At the beginning of the time interval shown in FIG. 1, the collision counter “col” has an arbitrary value. No frame is being transmitted. The flag “aut” has the value 1 which authorizes the station to transmit, and the time-delay counter DELAY has the value 0.
At an instant t0, the station needs to transmit a frame A1 over the medium. The value 1 of the flag “aut” indicates to it that it is authorized to access the medium because there is no risk or little risk of collision. It is authorized to transmit the frame A1 immediately. The frame has a length corresponding to a transmission time T1, for example. Just before transmission, the current value “coll” of the collision counter is backed up to serve as a reference in subsequently processing.
At the start of transmission of the frame A1, the time-delay counter DELAY is initialized with a value such that counting down to 0 takes a time T1+T1′. The time T1 is calculated on the basis of the length of the frame A1, and of the nominal bit rate on the common medium. The time T1 is calculated such that the value of the mean bit rate of the station during the interval T1+T1′ is equal to the maximum mean bit-rate value chosen for the station in question. In this example, the maximum mean bit-rate value of the station is chosen to be equal to one half of the nominal bit-rate of the common medium. Accordingly, the initialization value is chosen such that it counts down for a time T1+T1′ equal to twice the duration T1 of the frame A1 that the station is going to transmit. The flag “aut” is set to zero for the entire count-down time so as to prevent the station in question from occupying the common medium if there is a risk of collision. If there is no risk of collision, the station does not take into account the flag “aut”.
When it has finished transmitting the frame Al, the station ceases to transmit for a certain time T2, longer than the time T1′. During this period, the value “delay” of the counter DELAY returns to 0, at instant t1, thereby setting the value of the flag “aut” to 1 again.
Then, at instant t2, the station in question once again needs to send a frame A2 . The value 1 of the flag “aut” authorizes transmission without checking whether there is a risk of collision. The station thus transmits the frame A2 immediately. Just before transmission, the current value col2=col1 of the collision counter is backed up to serve as a reference subsequently. The counter DELAY is initialized at a value T3+T3′ such that it counts down for a time equal to twice the duration T3 of the frame A2 that the station is going to transmit. The flag “aut” is set to zero for the entire count-down time T3+T3′ so as to prevent the station in question from accessing the common medium if there is a risk of collision.

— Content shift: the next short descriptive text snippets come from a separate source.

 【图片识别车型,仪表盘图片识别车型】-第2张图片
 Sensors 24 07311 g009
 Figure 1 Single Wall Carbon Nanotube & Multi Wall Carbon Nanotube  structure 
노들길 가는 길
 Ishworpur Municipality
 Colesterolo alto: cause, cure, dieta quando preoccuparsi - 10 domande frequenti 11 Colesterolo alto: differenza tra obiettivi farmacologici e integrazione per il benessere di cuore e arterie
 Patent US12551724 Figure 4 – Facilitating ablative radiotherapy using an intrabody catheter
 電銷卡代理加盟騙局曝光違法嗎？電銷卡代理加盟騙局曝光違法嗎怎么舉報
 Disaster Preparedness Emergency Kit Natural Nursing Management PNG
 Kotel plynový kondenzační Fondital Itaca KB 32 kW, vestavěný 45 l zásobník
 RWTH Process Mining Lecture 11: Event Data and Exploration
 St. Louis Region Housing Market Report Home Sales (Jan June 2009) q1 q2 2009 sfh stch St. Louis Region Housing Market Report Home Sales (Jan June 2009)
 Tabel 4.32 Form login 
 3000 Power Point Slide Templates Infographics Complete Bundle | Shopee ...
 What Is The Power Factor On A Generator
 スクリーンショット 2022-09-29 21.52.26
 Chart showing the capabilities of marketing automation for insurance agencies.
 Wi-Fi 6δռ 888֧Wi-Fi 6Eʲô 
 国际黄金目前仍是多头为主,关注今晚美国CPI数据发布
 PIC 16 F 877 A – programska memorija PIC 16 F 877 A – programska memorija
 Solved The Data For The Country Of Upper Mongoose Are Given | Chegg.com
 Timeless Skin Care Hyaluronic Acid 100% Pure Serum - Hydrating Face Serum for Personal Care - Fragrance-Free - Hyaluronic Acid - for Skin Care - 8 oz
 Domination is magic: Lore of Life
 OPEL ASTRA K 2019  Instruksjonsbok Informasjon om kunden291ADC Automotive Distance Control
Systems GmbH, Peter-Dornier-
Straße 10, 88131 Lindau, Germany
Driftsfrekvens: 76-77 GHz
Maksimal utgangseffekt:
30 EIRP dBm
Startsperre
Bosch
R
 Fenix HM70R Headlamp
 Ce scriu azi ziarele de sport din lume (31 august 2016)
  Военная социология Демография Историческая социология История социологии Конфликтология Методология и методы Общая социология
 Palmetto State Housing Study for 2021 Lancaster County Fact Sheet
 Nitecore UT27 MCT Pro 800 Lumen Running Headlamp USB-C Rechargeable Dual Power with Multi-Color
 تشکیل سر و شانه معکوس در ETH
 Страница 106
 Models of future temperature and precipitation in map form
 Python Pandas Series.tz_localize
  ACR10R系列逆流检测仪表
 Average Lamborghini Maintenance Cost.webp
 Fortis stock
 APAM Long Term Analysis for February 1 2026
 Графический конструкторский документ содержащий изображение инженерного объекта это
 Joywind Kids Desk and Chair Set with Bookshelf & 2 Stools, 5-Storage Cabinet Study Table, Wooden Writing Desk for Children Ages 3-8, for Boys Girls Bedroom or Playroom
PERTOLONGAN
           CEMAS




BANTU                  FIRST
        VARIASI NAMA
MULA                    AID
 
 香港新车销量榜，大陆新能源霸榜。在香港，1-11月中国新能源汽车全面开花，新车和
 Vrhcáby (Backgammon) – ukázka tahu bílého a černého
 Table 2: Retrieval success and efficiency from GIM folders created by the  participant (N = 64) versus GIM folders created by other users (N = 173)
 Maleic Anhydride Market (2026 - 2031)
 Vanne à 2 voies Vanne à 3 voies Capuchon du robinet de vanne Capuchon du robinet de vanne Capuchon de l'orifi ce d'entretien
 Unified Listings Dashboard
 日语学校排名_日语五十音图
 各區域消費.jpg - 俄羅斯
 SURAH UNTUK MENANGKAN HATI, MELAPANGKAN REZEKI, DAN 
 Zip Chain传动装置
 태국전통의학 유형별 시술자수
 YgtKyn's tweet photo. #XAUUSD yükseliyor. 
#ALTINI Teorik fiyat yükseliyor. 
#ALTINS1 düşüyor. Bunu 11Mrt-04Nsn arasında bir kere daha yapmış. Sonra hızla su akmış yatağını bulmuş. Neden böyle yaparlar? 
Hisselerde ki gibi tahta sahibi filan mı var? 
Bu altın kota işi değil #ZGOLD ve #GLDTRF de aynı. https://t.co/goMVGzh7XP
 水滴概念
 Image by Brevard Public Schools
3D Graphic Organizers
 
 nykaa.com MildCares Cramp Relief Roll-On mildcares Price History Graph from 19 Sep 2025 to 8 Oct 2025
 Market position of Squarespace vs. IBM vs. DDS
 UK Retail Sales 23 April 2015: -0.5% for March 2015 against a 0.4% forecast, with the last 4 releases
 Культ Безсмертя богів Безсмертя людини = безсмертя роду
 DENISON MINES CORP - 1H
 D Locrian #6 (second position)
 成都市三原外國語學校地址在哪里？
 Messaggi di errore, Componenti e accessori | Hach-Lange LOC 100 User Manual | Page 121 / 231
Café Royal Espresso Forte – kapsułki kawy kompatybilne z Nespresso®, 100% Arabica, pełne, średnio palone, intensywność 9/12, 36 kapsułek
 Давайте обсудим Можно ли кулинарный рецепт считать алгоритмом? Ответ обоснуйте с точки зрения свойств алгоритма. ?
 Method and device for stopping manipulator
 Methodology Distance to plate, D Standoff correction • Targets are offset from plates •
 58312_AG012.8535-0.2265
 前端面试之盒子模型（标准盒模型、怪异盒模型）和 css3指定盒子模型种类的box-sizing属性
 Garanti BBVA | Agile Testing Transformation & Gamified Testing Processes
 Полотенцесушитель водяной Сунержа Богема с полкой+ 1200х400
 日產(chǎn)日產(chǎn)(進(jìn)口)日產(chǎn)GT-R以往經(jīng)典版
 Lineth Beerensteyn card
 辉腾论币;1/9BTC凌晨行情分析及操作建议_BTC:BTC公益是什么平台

Then, the station ceases to transmit for a time T4 longer than T3′. After the end of transmission of frame A2, but during the count-down time T3+T3′, a collision is detected at instant tc1. The value “col” of the collision counter is then increased by unity. A little later, at an instant t3, the station needs to transmit a frame A3. Since the flag “aut” has the value 0, it prevents the station in question from accessing the medium unless there is no risk of collision. It must thus first determine whether there is a risk of collision. For this purpose, it compares the current value col3 of the counter “col” with the backed-up value col2. The current value col3 is equal to col2+1. Therefore, there is a risk of collision, and the station must defer its transmission until the flag “aut” takes the value 1 again.
At instant t5, the counter DELAY returns to the value 0, the flag “aut” is set to the value one again, and the station then transmits the frame A3 which has a duration T5. Just before transmission, the current value col4 of the collision counter is backed up to serve as a reference subsequently. The time-delay counter DELAY is initialized at a value such that counting down to zero takes a time T5+T5′. In this example, since the maximum mean bit-rate value of the station is chosen to be one half of the nominal bit-rate of the common medium, the initialization value is chosen such that the counter counts down for a time T5+T5′ equal to twice the duration T5 of the frame A3 that the station is going to transmit. The flag “aut” is set to zero for the entire count-down time so as to prevent the station in question from accessing the common medium if there is a risk of collision.
After the end of transmission of the frame A3 but during the count-down time T5+T5′, a collision is detected at instant tc2. The value of the collision counter “col” is then increased by unity. A little later, at instant t5′, the station needs to transmit a frame A4. Since the flag “aut” has the value 0, it prevents the station from accessing the medium, except if there is no risk of collision. It must thus first determine whether there is a risk of collision. For this purpose, it compares the current value col5 of the counter “col” with the backed-up value col4. The current value col5 is equal to col4+1. Therefore there is a risk of collision, and the station must defer its transmission until the flag “aut” takes the value 1 again. At instant t6, the flag “aut” goes to 1, transmission of frame A4 commences, the flag “aut” is reset, and the counter DELAY is re-initialized.
The maximum mean bit rate of each station may be different depending on the station. The only condition that is necessary to reduce the risk of collision is that the sum of the respective maximum values chosen for all of the stations is less than the mean bit rate that can be accommodated by the common medium.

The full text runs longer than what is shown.